A senior equities analyst at Goldman Sachs describes London’s fall from grace, saying, “You get fewer companies, they are less liquid, you see the best growth companies listing elsewhere, therefore any companies that arise are reluctant to list in the U.K.”

Generally, the IPO climate has deteriorated under the pressure of macroeconomic uncertainties. Trade tensions, particularly tariff-related fears, have eroded investor confidence, leading to a steep retreat in equity raisings and mergers and acquisitions (M&A), the latter falling to 20-year lows.

Shein is yet another missed opportunity

Enter Shein, the fast-fashion behemoth founded in China and headquartered in Singapore. The company has long eyed a London IPO, but regulatory objections, particularly around disclosure of its Xinjiang-linked supply chain, have stalled the process.

Although the UK Financial Conduct Authority (FCA) approved one version of its prospectus, Chinese regulators, notably the China Securities Regulatory Commission (CSRC), refused to do so.

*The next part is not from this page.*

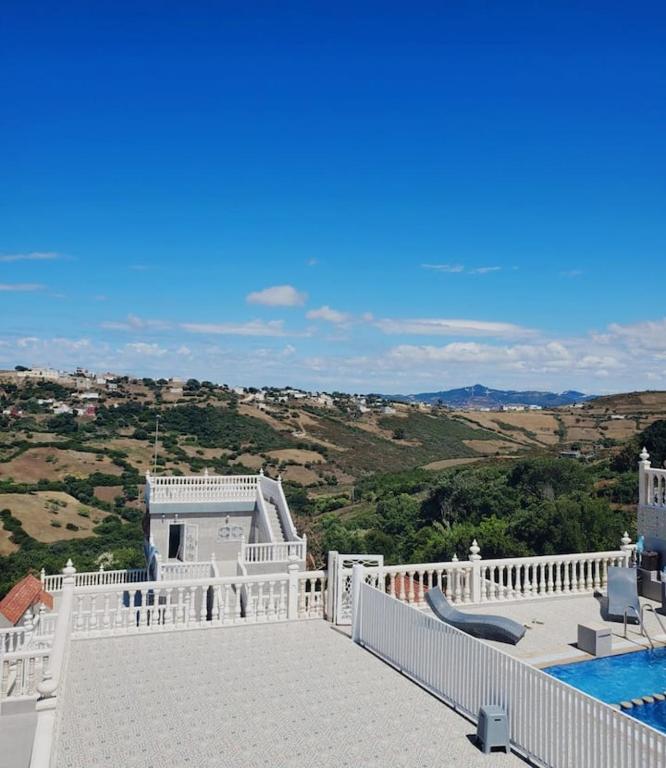 Villa Overlooking Beach - Private Swimming Pool! image 3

Shein has reportedly filed a confidential draft prospectus for a separate Hong Kong IPO. While Hong Kong remains the primary target for now, industry sources suggest the move doubles as a pressure tactic, aimed at pushing the UK regulator to accept the CSRC‑approved version and revive the London listing, which would have been the largest in years.

If London were to secure Shein, it would signal a revival in sentiment, but its failure to do so compounds its woes. Analysts note it would have been “one of the largest UK IPOs in the past decade,” underscoring London’s struggle to attract marquee global tech names.

As London falters, Hong Kong’s exchange is booming. Some 208 listing applications came in during H1 2025, raising US$13.9 billion, easily outstripping major Western bourses, even as firms increasingly prefer Hong Kong or New York.

Hong Kong’s environment, particularly for companies linked to China, offers greater regulatory certainty and quicker time to market. It also benefits from investor familiarity with supply-chain disclosures, including concerns around Xinjiang.

London scrambles for a solution

As the UK enters the second half of 2025, London finds itself at a critical juncture. Next quarter will be telling: success in landing Shein (or a similar blockbuster listing), clarity from the FCA–CSRC on prospectus terms, improved global market sentiment, or a moderation in US tariffs could help restore momentum.

Conversely, further IPO pullbacks, high-profile companies migrating to New York or Hong Kong (Wise recently switched its main listing to the US), or continued regulatory tension may just cement London’s status as an afterthought in global capital markets.